Il fallait être bien naïf pour penser que Alpha Condé allait s’installer tranquillement au pouvoir à Conakry et être un président de la République élu qui allait pouvoir mettre en œuvre son programme politique et économique…
La réalité guinéenne, une fois encore, s’impose à tous.

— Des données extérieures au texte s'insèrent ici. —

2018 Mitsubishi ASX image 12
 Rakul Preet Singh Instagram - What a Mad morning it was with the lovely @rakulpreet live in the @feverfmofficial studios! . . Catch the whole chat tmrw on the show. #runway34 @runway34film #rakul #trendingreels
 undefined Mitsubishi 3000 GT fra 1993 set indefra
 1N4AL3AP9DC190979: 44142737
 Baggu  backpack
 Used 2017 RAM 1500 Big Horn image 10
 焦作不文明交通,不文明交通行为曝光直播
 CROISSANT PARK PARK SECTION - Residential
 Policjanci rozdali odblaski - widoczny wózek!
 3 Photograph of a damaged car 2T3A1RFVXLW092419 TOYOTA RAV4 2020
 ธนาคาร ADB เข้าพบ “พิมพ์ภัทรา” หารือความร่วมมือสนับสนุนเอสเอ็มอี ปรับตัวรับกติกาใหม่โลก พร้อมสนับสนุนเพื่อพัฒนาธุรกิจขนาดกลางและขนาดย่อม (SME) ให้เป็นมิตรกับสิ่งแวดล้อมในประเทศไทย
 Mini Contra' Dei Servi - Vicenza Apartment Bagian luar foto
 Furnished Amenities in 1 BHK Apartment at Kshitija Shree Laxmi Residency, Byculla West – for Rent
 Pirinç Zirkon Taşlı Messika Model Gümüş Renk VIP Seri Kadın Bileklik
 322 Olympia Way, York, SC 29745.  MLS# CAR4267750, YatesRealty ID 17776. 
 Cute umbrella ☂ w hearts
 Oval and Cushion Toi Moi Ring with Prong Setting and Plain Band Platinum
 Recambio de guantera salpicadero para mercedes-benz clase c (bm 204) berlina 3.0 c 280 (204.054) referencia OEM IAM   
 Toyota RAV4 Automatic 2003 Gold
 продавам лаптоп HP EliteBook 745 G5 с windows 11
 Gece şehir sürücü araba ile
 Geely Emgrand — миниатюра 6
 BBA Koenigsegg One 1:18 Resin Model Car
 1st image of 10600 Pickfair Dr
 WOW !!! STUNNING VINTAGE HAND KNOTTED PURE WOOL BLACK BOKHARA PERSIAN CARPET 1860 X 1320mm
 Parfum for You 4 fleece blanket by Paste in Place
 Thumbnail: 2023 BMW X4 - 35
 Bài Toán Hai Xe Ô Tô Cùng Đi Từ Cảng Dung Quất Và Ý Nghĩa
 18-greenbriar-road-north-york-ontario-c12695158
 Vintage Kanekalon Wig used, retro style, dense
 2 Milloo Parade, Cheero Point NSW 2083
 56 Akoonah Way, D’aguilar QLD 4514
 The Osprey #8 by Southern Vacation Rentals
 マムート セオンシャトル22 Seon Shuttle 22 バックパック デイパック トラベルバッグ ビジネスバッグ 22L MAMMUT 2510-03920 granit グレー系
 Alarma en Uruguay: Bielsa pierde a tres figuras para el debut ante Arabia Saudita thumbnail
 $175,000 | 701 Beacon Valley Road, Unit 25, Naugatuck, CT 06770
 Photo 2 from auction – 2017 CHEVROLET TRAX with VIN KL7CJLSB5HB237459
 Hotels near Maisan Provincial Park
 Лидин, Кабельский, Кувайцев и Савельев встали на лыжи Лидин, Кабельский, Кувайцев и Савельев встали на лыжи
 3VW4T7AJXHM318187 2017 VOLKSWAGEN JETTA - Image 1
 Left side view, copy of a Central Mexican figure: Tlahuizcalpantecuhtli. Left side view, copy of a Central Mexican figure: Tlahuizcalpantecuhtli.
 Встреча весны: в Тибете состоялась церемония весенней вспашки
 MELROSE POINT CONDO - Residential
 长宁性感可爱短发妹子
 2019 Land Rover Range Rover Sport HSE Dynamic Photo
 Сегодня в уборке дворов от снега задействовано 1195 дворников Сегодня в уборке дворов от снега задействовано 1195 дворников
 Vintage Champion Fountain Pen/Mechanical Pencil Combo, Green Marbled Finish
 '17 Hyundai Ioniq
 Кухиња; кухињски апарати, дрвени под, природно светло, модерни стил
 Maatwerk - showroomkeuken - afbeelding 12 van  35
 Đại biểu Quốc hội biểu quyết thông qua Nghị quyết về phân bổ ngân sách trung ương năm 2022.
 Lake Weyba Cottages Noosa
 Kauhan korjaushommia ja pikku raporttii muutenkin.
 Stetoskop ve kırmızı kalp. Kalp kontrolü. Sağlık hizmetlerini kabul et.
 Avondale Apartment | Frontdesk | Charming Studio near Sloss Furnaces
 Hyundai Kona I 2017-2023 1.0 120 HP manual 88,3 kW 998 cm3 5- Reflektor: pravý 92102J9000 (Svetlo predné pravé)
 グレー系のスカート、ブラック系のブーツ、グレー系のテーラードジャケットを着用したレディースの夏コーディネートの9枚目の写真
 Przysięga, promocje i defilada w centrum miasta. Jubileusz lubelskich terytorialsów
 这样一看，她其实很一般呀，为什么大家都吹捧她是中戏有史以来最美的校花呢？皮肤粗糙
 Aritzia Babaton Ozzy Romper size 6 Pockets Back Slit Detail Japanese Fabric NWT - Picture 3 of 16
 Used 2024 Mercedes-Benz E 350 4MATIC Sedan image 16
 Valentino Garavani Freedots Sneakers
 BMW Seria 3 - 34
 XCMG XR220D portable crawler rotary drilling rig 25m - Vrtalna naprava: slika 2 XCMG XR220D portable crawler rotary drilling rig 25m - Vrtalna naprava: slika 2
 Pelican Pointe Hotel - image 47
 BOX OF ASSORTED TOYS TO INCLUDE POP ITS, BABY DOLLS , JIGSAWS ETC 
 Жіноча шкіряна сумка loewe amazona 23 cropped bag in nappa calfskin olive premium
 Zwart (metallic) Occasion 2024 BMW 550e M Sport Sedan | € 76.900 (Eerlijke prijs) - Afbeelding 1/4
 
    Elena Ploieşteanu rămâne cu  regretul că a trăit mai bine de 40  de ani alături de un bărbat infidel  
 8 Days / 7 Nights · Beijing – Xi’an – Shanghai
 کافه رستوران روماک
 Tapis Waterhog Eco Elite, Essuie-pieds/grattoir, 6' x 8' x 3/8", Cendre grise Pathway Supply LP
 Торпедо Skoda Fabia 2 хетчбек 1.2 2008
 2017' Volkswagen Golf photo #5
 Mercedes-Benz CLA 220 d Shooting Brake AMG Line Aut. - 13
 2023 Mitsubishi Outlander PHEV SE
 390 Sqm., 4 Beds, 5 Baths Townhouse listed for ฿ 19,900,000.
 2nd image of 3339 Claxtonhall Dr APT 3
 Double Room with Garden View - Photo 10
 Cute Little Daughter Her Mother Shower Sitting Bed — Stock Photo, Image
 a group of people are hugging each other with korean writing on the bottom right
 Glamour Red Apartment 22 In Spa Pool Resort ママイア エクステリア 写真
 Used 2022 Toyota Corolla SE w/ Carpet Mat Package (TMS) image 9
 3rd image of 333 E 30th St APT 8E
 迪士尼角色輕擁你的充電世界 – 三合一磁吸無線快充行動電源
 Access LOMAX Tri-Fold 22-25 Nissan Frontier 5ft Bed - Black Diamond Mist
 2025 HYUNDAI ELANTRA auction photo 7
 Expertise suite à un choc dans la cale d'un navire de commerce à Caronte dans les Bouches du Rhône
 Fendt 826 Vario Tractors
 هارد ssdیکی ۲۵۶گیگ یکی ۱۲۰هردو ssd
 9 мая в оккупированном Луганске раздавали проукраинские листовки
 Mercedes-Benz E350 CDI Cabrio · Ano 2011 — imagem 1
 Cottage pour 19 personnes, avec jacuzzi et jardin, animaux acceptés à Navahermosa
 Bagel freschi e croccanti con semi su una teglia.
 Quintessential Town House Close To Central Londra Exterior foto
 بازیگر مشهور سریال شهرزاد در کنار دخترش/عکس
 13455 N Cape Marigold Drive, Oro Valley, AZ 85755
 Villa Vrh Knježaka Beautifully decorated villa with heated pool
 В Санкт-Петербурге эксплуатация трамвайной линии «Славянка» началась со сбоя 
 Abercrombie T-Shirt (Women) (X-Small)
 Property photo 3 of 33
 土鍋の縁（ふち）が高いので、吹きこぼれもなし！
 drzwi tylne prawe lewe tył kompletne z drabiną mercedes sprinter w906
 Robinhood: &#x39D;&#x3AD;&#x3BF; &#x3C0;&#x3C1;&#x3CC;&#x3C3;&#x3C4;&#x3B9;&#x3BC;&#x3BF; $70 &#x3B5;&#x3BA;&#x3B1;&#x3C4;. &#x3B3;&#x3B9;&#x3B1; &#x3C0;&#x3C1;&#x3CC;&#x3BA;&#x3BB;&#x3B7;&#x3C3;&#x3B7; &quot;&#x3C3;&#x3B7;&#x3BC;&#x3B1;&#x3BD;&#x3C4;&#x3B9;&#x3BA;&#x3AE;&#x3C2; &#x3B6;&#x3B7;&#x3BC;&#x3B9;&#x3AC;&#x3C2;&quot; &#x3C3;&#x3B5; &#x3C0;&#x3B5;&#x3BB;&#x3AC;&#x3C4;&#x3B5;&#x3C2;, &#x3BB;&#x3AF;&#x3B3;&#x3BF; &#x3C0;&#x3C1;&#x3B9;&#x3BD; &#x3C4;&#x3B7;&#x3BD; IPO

La règle est toujours la même ; et j’aime à la rappeler : « Un intellectuel assis va moins loin qu’un con qui marche » (réplique écrite par Michel Audiard pour le film Un taxi pour Tobrouk).
Alors, si on prend en compte que Condé n’est pas exactement l’intellectuel que ses affidés prétendent qu’il est et, qu’en plus, il est mal assis sur un fauteuil présidentiel passablement délabré, on ne s’étonnera pas que, moins de sept mois après son investiture (21 décembre 2010), il fasse déjà l’objet d’une tentative (sérieuse mais avortée) de… coup d’Etat ou de « liquidation » physique ; à l’heure à laquelle j’écris ces lignes, l’attaque de Kipé reste encore mystérieuse. Dans son déroulement comme dans sa… motivation.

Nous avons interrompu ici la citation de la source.